The following image __"calendar_screenshot.jpg"__ will be used in the demo

![./images/calendar_screenshot.png](./images/calendar_screenshot.png)

### Process the image

Here we process the image into b64 encoding. The result will be used as the image component of the message given to Claude 3. For further details on processing of the images for use in an API call please see [Claude Vision](https://docs.anthropic.com/claude/docs/vision)

In [None]:
# Read reference image from file and encode as base64 strings.
with open('./images/calendar_screenshot.png', "rb") as image_file:
    content_image = base64.b64encode(image_file.read()).decode('utf8')

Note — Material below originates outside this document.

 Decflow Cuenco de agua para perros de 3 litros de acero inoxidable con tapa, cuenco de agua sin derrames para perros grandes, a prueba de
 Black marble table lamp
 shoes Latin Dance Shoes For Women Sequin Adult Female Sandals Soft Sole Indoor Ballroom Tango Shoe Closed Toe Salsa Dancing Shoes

### Create message payload that incorporates text and image input

Here we create the multimodal content message for our input to Claude 3 with seperate JSON objects for the text component and the image component.

In [None]:
prompt = """
Extract the following information from the image in JSON format. Use the provided field names and include the field descriptions as specified:

- "title": The title of the session.
- "time": The time of the event in EDT.
- "duration": The duration of the session in minutes.
- "speakers": A list of objects, each containing:
  - "name": The name of the person.
  - "title": The title or position of the person.
  - "organization": The organization the person is associated with.
  - "role": The role the person has for the session - Example: speaker, moderator, panelist 

Ensure that events without speakers are not included in the output (example - Lunch).
"""

In [None]:
message_mm=[

    { "role": "user",
      "content": [
      {"type": "image","source": { "type": "base64","media_type":"image/jpeg","data": content_image}},
      {"type": "text","text":prompt}
      ]
    }
]


### Generate the response from Claude 3

Finally, we can see the multimodal capabilities in action, asking Claude 3 about what is in the image. The model identifier we are using for this example is __"anthropic.claude-3-sonnet-20240229-v1:0"__.

In [None]:
response = generate_message(bedrock_client, model_id = "anthropic.claude-3-sonnet-20240229-v1:0",messages=message_mm,max_tokens=1024,temp=0.5,top_p=0.9)
response

In [None]:
print(response['content'][0]['text'])

## Next Steps

Now that we have seen how to incorporate multi-modal capabilities of Claude 3-Sonnet on Amazon Bedrock, try asking a different question about the image.